== Instructions to follow ==
Reproduce, with no changes, the line where "Luciana 3 Book" appears and every subsequent line of the listing, the last one included.

== Task inputs ==
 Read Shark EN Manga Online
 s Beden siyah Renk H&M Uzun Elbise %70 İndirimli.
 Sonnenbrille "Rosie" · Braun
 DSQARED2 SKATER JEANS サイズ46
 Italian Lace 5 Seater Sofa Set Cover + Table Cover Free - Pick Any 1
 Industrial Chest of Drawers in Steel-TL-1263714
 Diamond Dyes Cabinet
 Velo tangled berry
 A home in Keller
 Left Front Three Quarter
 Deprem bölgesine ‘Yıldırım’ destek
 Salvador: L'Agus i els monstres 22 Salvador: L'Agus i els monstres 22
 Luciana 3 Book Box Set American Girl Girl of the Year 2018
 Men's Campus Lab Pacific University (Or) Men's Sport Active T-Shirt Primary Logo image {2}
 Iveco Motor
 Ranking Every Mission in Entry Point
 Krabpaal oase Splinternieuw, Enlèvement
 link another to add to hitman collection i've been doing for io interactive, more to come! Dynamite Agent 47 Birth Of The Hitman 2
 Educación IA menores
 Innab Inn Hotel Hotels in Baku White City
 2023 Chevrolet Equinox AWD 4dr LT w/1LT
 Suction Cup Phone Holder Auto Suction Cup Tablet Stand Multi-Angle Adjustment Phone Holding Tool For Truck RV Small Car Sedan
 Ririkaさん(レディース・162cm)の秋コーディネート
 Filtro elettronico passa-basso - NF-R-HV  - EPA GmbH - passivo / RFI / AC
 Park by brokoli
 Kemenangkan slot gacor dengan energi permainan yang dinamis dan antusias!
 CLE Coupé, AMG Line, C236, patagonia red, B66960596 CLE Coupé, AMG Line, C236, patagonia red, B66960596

== Result of this task ==
 Luciana 3 Book Box Set American Girl Girl of the Year 2018
 Men's Campus Lab Pacific University (Or) Men's Sport Active T-Shirt Primary Logo image {2}
 Iveco Motor
 Ranking Every Mission in Entry Point
 Krabpaal oase Splinternieuw, Enlèvement
 link another to add to hitman collection i've been doing for io interactive, more to come! Dynamite Agent 47 Birth Of The Hitman 2
 Educación IA menores
 Innab Inn Hotel Hotels in Baku White City
 2023 Chevrolet Equinox AWD 4dr LT w/1LT
 Suction Cup Phone Holder Auto Suction Cup Tablet Stand Multi-Angle Adjustment Phone Holding Tool For Truck RV Small Car Sedan
 Ririkaさん(レディース・162cm)の秋コーディネート
 Filtro elettronico passa-basso - NF-R-HV  - EPA GmbH - passivo / RFI / AC
 Park by brokoli
 Kemenangkan slot gacor dengan energi permainan yang dinamis dan antusias!
 CLE Coupé, AMG Line, C236, patagonia red, B66960596 CLE Coupé, AMG Line, C236, patagonia red, B66960596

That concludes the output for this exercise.